Exercise brief: The records below are to be repeated in full, exactly as they are.

:::::

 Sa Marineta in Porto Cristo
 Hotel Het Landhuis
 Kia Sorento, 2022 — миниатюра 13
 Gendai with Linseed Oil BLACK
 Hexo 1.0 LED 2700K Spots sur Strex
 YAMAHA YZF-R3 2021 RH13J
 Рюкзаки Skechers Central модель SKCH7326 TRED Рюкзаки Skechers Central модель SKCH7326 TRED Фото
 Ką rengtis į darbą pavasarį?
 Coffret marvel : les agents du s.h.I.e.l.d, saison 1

:::::

Task response:
 Sa Marineta in Porto Cristo
 Hotel Het Landhuis
 Kia Sorento, 2022 — миниатюра 13
 Gendai with Linseed Oil BLACK
 Hexo 1.0 LED 2700K Spots sur Strex
 YAMAHA YZF-R3 2021 RH13J
 Рюкзаки Skechers Central модель SKCH7326 TRED Рюкзаки Skechers Central модель SKCH7326 TRED Фото
 Ką rengtis į darbą pavasarį?
 Coffret marvel : les agents du s.h.I.e.l.d, saison 1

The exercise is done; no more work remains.